WORK TASK
Pictures are to be left out. Return exactly the lines below from the one with "미스틱 숄더 슬릿 니트" up to and including the one with "Niatnya Bikin Kopi, Bubuknya".

RAW DATA
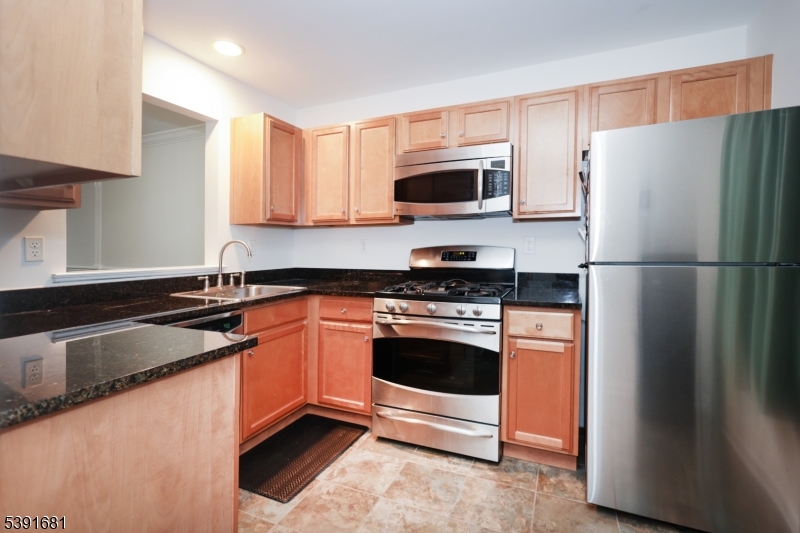 Broadway Commons - Residential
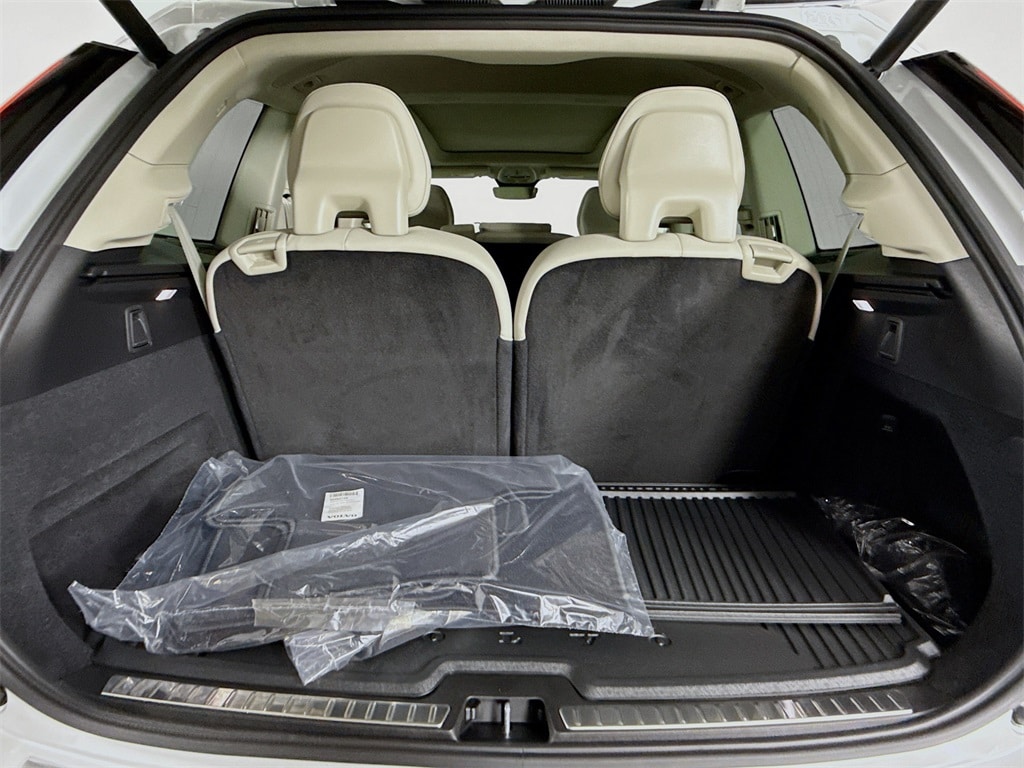 2026 Volvo XC90 Ultra - Photo 27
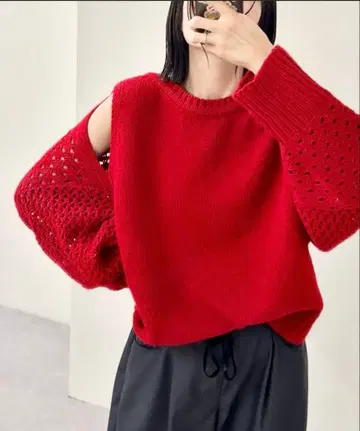 미스틱 숄더 슬릿 니트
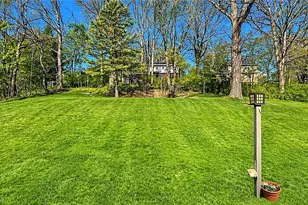111 Roosevelt Dr, Center Township, PA 15061 - Photo 32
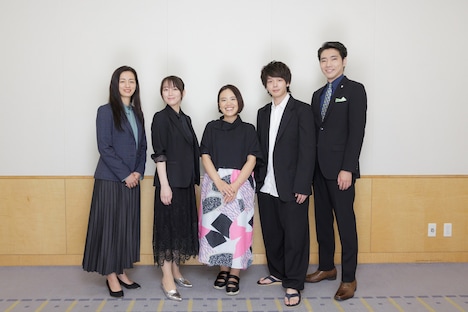 左から尾野真千子、吉岡里帆、辻村深月、中村倫也、柄本佑。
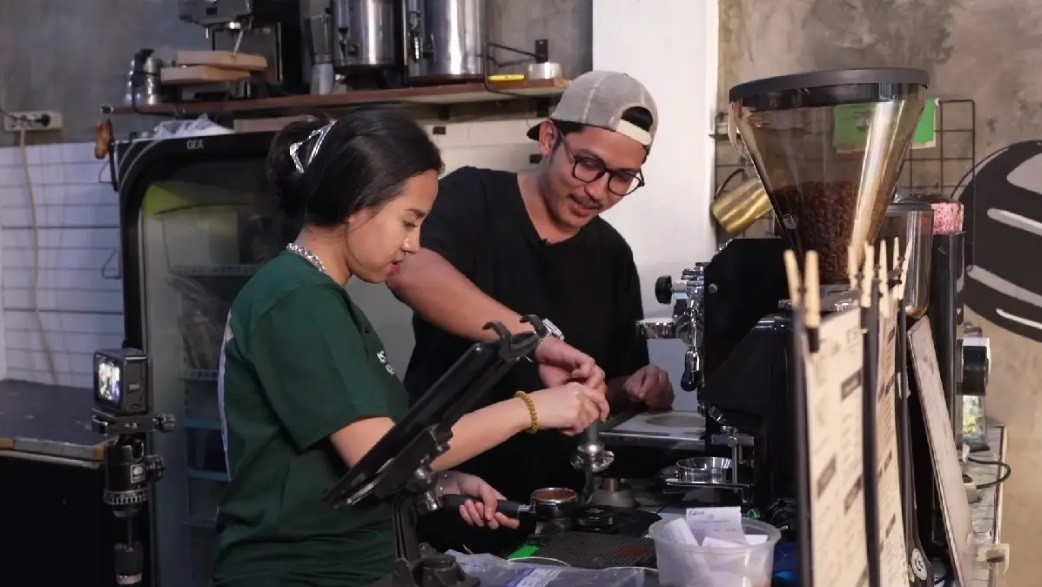 Niatnya Bikin Kopi, Bubuknya Malah Tumpah! Beginilah Aksi Kocak Azia di AZBUN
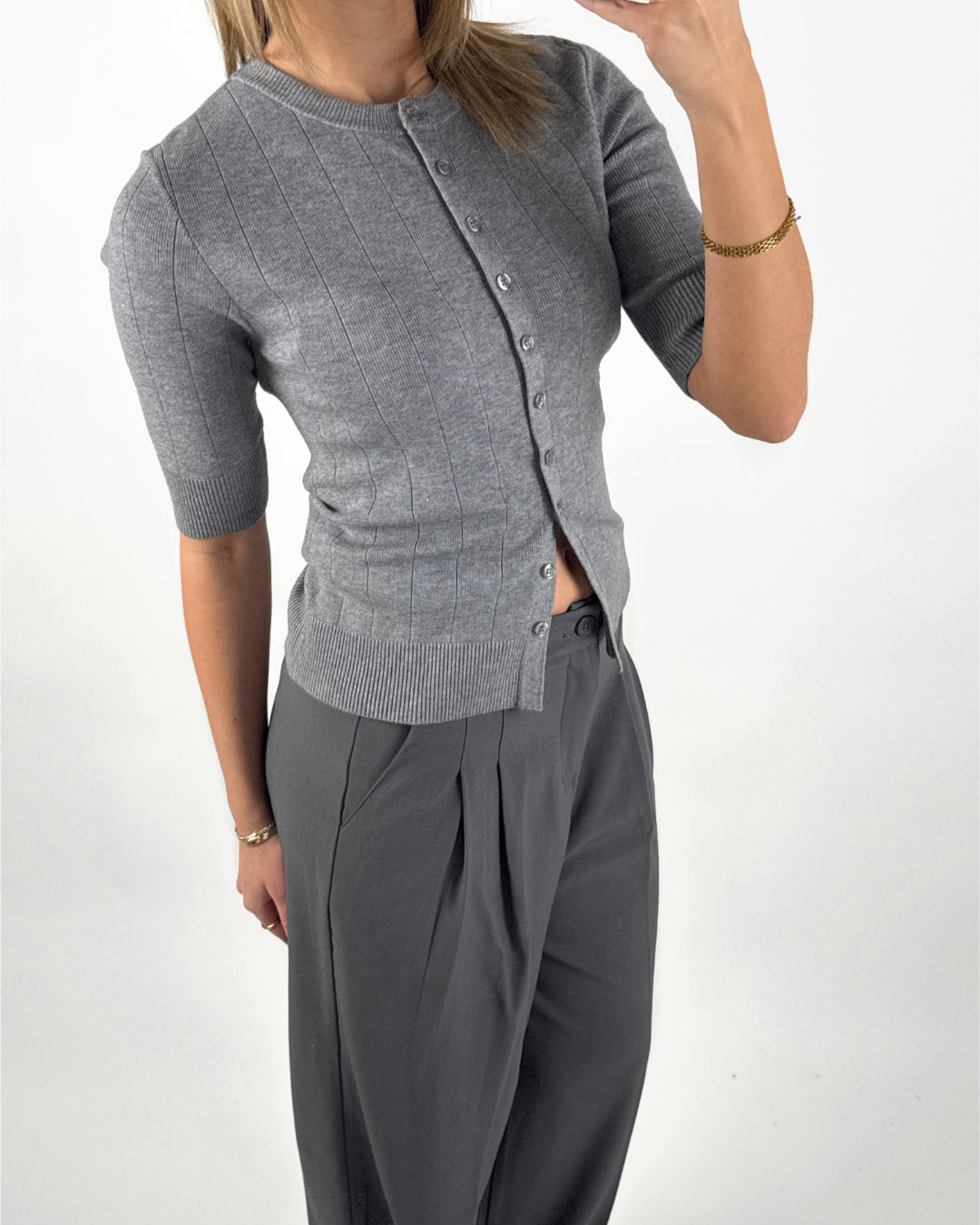Modelbillede af grå SPINA t-shirt cardigan. Set forfra. Fra BySofieSønderby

SOLUTION FOR THIS TASK
 미스틱 숄더 슬릿 니트
111 Roosevelt Dr, Center Township, PA 15061 - Photo 32
 左から尾野真千子、吉岡里帆、辻村深月、中村倫也、柄本佑。
 Niatnya Bikin Kopi, Bubuknya Malah Tumpah! Beginilah Aksi Kocak Azia di AZBUN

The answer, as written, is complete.